[[ Raw data, beginning ]]

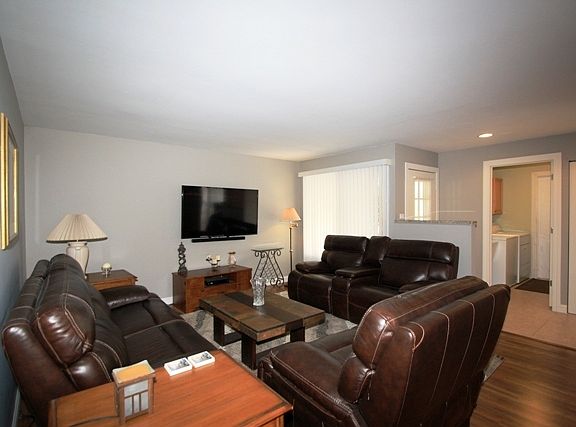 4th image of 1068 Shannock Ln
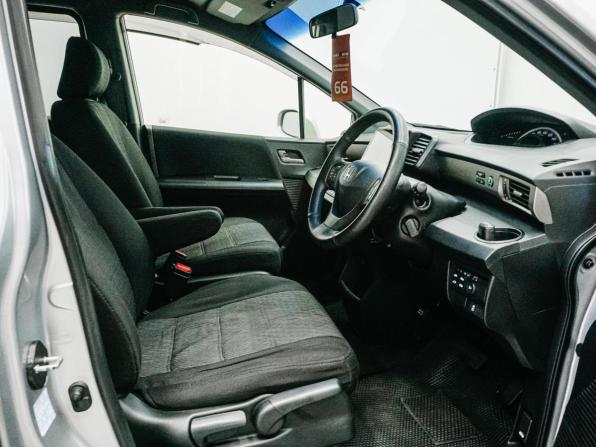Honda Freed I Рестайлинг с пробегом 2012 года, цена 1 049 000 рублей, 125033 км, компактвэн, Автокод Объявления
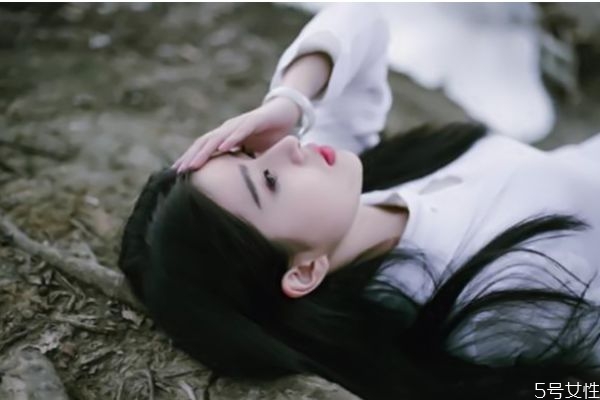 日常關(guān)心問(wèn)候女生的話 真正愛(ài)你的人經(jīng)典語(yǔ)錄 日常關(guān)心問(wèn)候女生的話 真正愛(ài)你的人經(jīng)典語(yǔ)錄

[[ Raw data, end ]]
[[ Raw data, beginning ]]

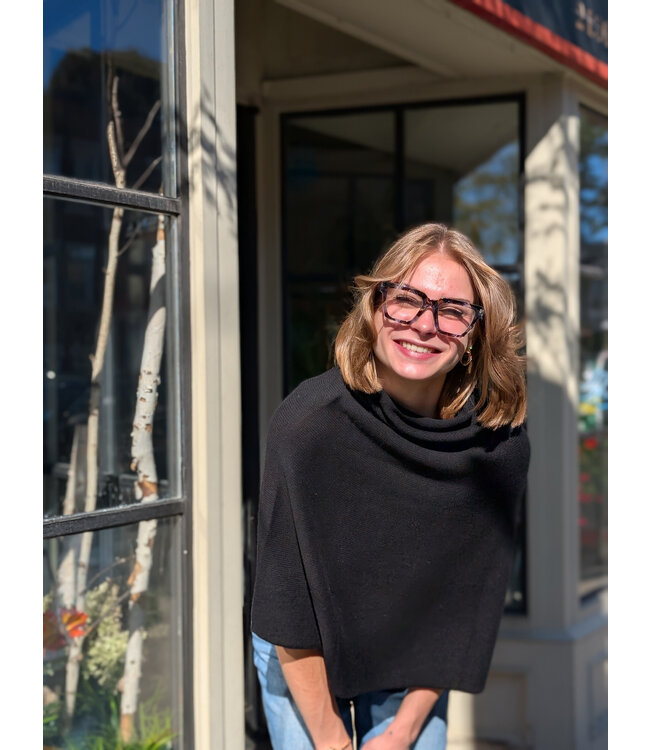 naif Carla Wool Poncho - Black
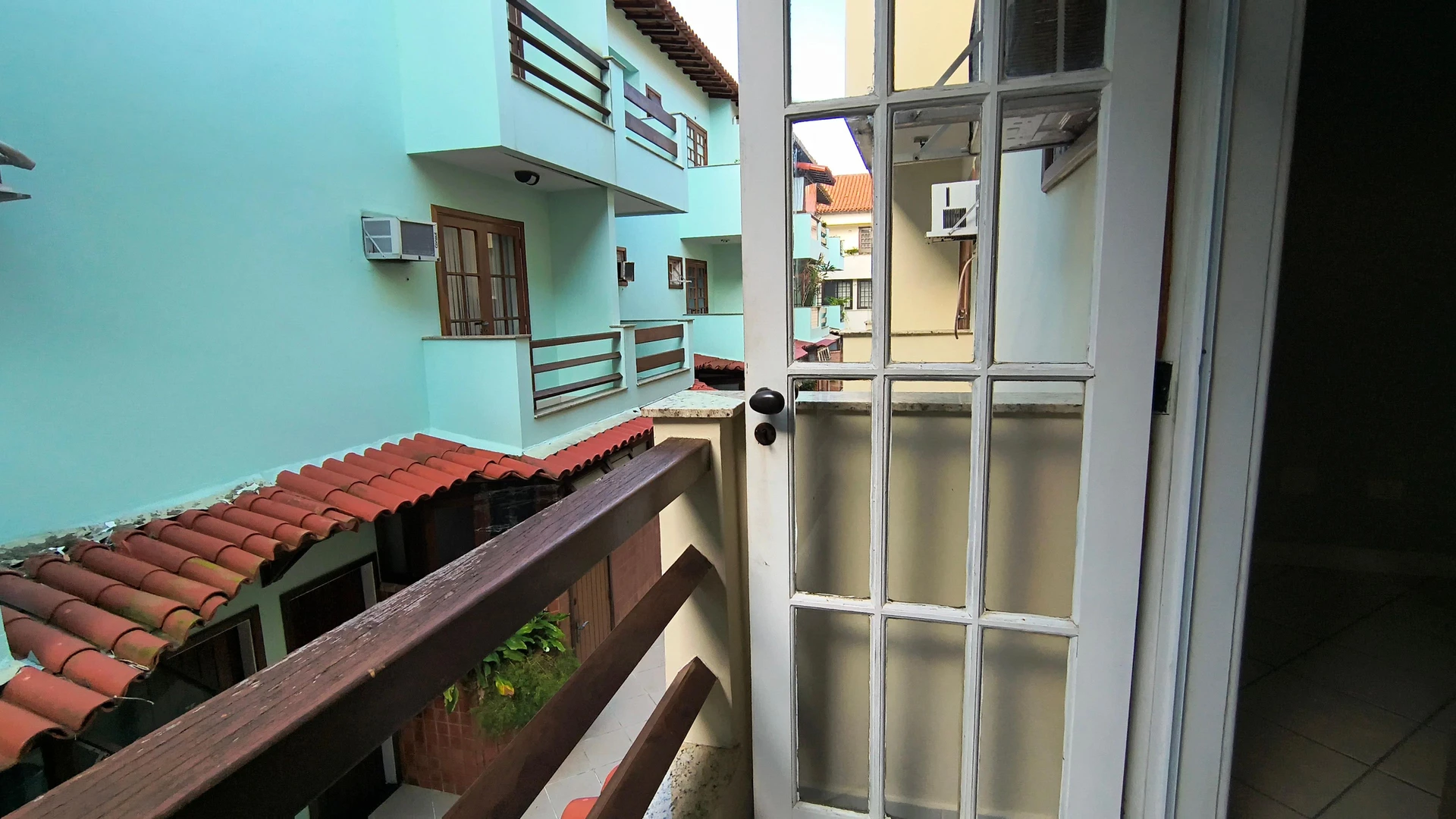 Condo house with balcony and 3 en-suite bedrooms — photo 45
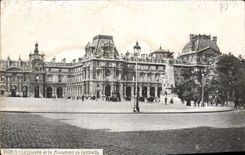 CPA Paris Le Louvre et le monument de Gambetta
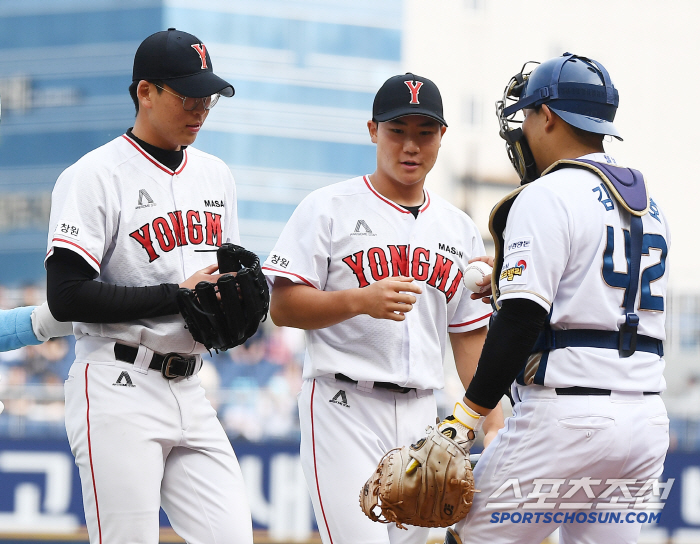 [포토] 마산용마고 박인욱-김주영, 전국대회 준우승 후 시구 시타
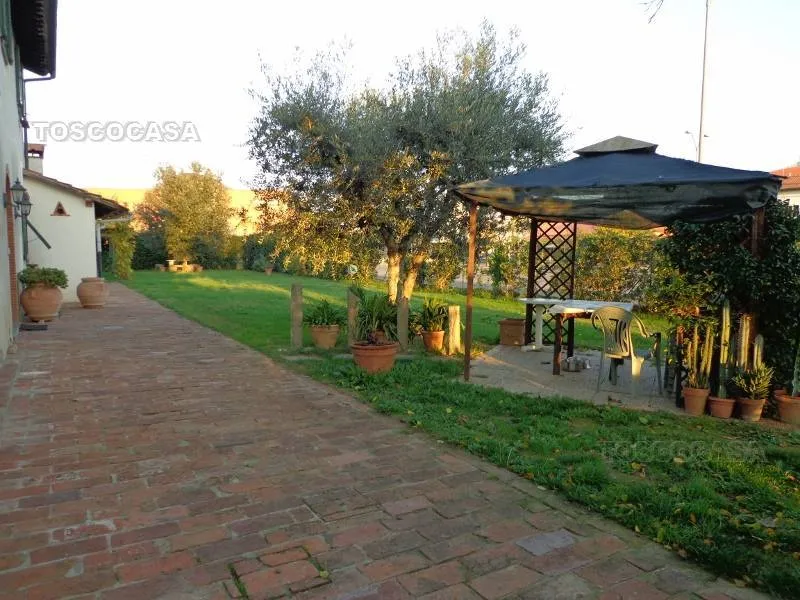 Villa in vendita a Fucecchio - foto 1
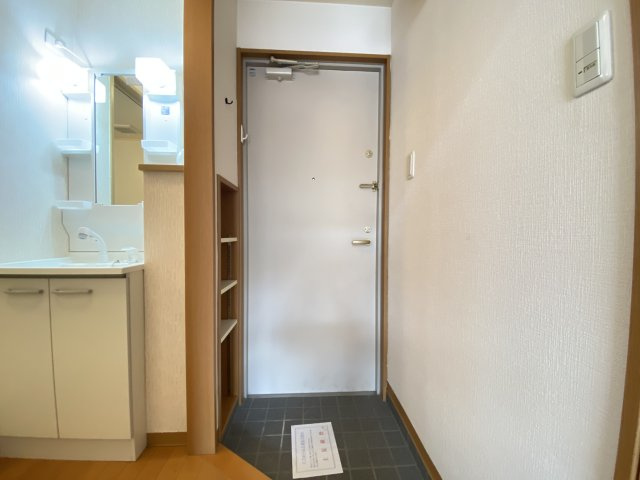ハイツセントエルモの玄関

[[ Raw data, end ]]

What to produce:
In the listing above, find the line with "Condo house with" and the line with "ハイツセントエルモの玄関". Transcribe those two and everything between, exactly, leaving out pictures.

Exercise result:
 Condo house with balcony and 3 en-suite bedrooms — photo 45
 CPA Paris Le Louvre et le monument de Gambetta
 [포토] 마산용마고 박인욱-김주영, 전국대회 준우승 후 시구 시타
 Villa in vendita a Fucecchio - foto 1
ハイツセントエルモの玄関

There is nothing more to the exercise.